Bhatia also revealed the names of the members of the Public Debt Audit Committee, which were appointed two months ago by the legislative leaders after the governor failed to do so at the time. The audit is necessary to allow the government to determine the real amount of the public debt.
“The country and its fiscal state are at a critical juncture, where we have to take decisive action in relation to the debt. In this process, transparency is essential to the parties and especially to the people of Puerto Rico. That is the spirit of the creation of the audit committee,” Bhatia said in a statement Thursday.
The committee’s duties are to evaluate the hiring process, the renegotiation of the public debt, the origin and destination of resources and the implementation of programs funded by internal or external debt.

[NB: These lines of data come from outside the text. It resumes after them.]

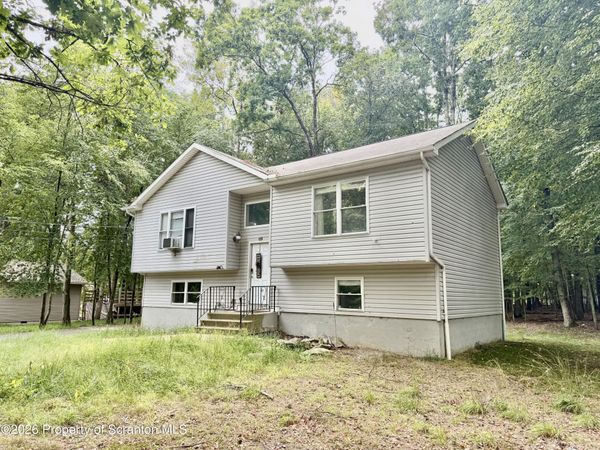116 Noble Lane , East Stroudsburg, PA 18301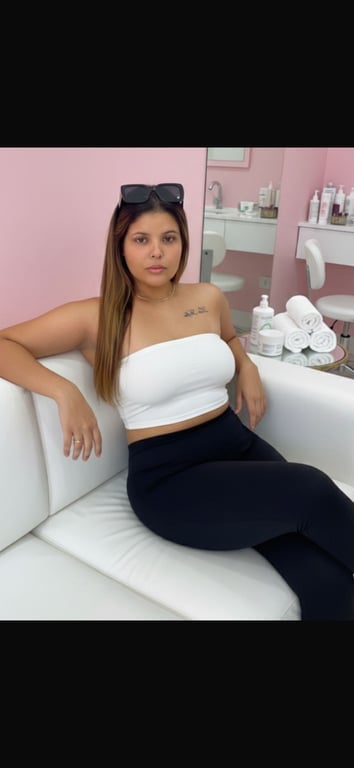 Livia venha se deliciar com as minhas mãos em uma massagem Massagem nuru em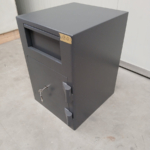Salvus Monopoli 1 afstortkluis – OCC1818 Occasion Kassa en Afroomkluizen MustangSafes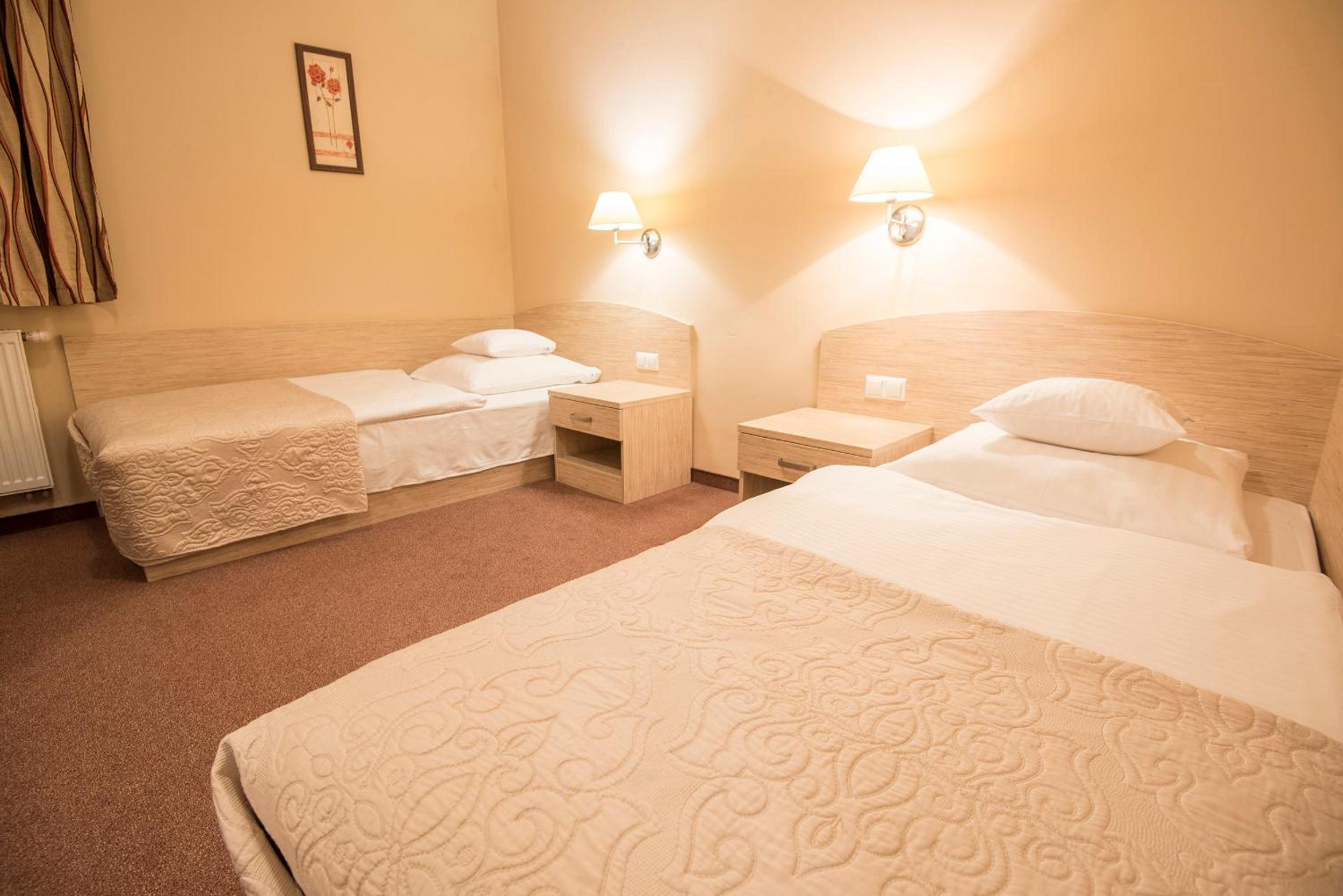 Twin Room - Photo 1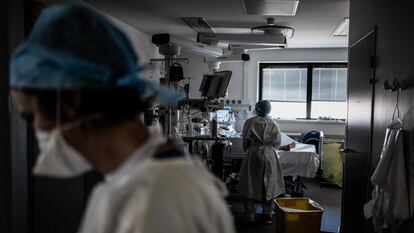 El personal médico del hospital de la Cruz Roja de Lyon, en Francia, vigila a un paciente de covid-19.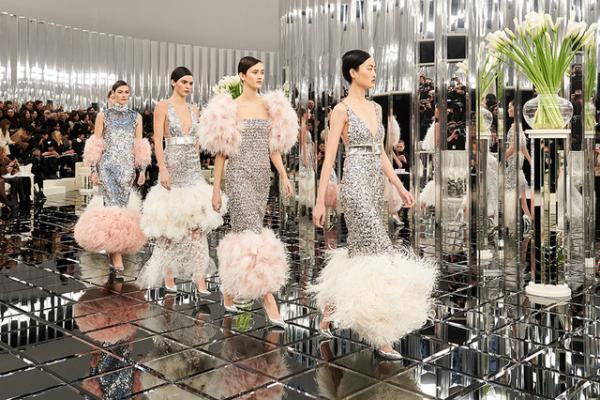 シャネル、反射する銀世界で過去・現在・未来の交錯【2017春夏クチュール】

The panel’s main job is to design a methodology to conduct the audit of the public debt, create a database that would allow for all types of analysis on the process of indebtedness, and to set up a transparent information system for the audited information and for indebtedness processes.
The committee comprises House Speaker Jaime Perelló; Senate Majority Leader Aníbal José Torres; Senate Minority Leader Larry Seilhamer; Puerto Rican Independence Party Sen. María de Lourdes Santiago; House Majority Leader Charlie Hernández; House Minority Leader Jennifer González; Government Development Bank President Melba Acosta; Puerto Ric Statistics Institute Director Mario Marazzi; Economist José Alameda; attorney and CPA Juan Lorenzo Martínez; Puerto Rican Workers Union President Roberto Pagán; First Bank President Aurelio Alemán; Irma Hilario Arroyo, who represents Cooperativa de Ahorro y Crédito de Caguas; and Chamber of Commerce President Frank Medina.
“These designations comply with the statute, which says the committee should comprise legislative leaders, majority and minority spokespeople, two representatives of the executive branch, such as the GDB president and the director of the Statistics Institute, representatives from the banking and savings & loans sector and from the unions, a professor with knowledge of law and accounting, an economist, and a representative of the public interest,” he said.
The legislative leaders appointed the committee’s members in November to comply with the provision of the law that states: “If the governor of the commonwealth of Puerto Rico has not appointed the representatives listed here after 10 calendar days, they shall be appointed by the legislative heads.”
The Public Debt Audit Committee was created by a law enacted in July.